Djakartah

1 0 0
                                    

Aira kini sudah sampai rumahnya di Jakarta bersama Calla. Ario dan Denia, orangtua Aira berterima kasih pada Calla karena sudah berhasil menarik Aira untuk tinggal di Jakarta, yang kemudian dengan buru-buru, Ario secara langsung menghibahkan rumah beserta sebuah ladang kecil di kampung untuk Pak Sum dan keluarga yang telah menemani ibu dan anak mereka dengan baik selama ini. Selain itu, harapannya, Aira tidak akan merengek kembali ke kampung setelah ini. Karena rumah itu bukan lagi milik keluarganya.

"Calla, makan dulu di dalam yuk. Bude sudah masak banyak, lho," tawar Denia.
"Enggak bude. Calla langsung balik aja, kangen mama papa. Sama kasur," balasnya.
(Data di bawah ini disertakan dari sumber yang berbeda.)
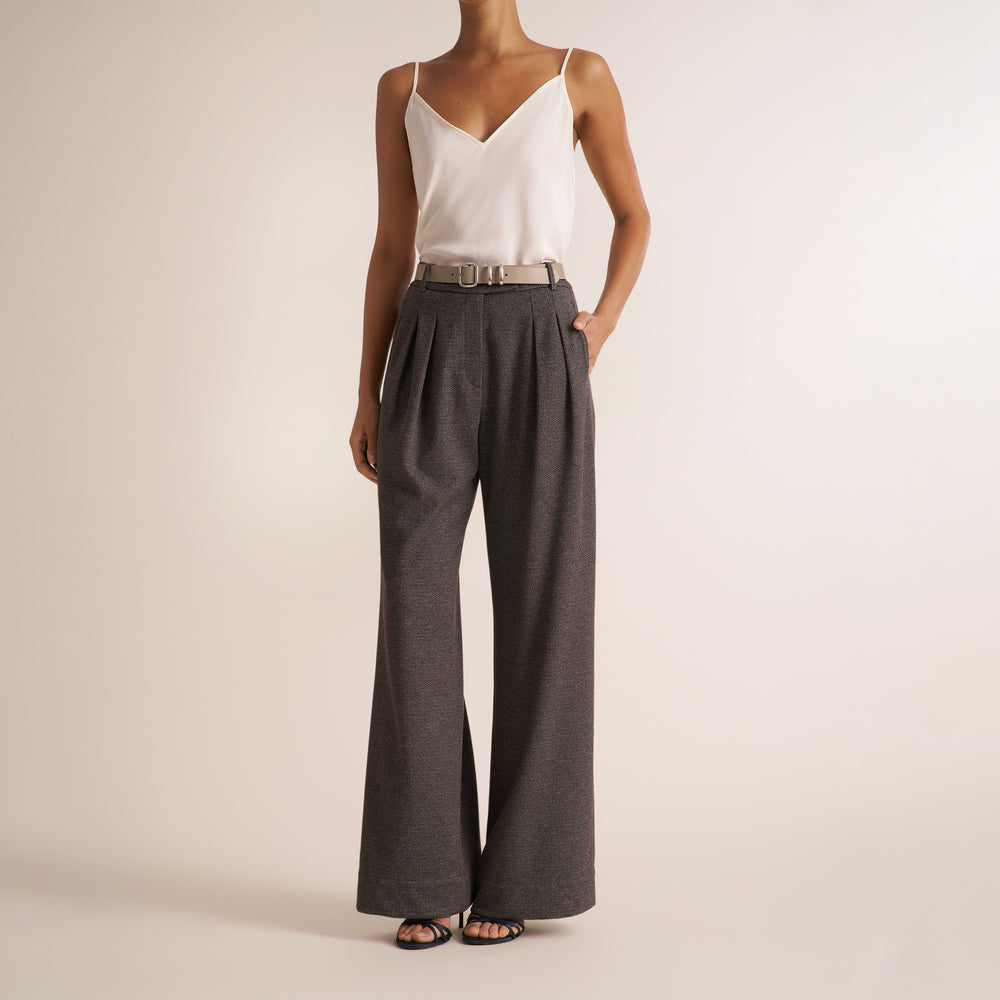 A model wearing dark gray wide-leg pleated trousers with a matching belt, paired with a white camisole top and black sandals, standing against a plain beige studio background.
Denia sedikit memaksa sekarang. Namun, Calla tetap menolak. Sedangkan Aira, dia sudah naik ke kamarnya.

Aira tahu, kepulangannya kini selain karena mama dan papa ingin berkumpul bersama keluarganya. Namun juga ada hal lain. Dia tahu, ada hal lain. Namun sementara dia tak mau memikirkannya. dia kembali larut dalam bacaan surah Maryam yang sekarang dia murojaah.
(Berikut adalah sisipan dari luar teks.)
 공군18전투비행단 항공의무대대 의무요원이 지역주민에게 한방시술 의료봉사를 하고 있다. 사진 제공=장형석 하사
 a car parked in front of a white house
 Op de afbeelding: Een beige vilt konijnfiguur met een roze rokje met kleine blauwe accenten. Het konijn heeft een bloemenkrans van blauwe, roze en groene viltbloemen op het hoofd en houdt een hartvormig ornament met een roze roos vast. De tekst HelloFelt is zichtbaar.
"Ai. Makan dulu, yuk Nak. Mama kangen sama kamu," ucap mama dari balik pintu.

"Iya, Mah. Ai solat dulu. tadi belum sempet di jalan," balas Aira.

"Iya. kalau sudah langsung turun ya. Masmu nanti juga kesini sama Arfan dan Mbak Gendis."
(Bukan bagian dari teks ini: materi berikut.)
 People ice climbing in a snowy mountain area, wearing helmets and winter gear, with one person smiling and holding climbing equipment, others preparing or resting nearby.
"enjih, Mah," balas Aira dari dalam.

Selepasnya Aira salat dan berganti baju rumah, dia turun ke ruang makan yang sudah ramai dengan suara lain selain mama dan papa. dia ingat betul itu suara Mas Biand dan mbak Gendis.

"Ai. Ya Allah dek," ucap Biand saat melihat adiknya turun dari tanggam dia langsung berdiri dan mendekati Aira. kemudian, lelaki yang terpaut lima tahun darinya itu langsung memeluk sang adik sayang.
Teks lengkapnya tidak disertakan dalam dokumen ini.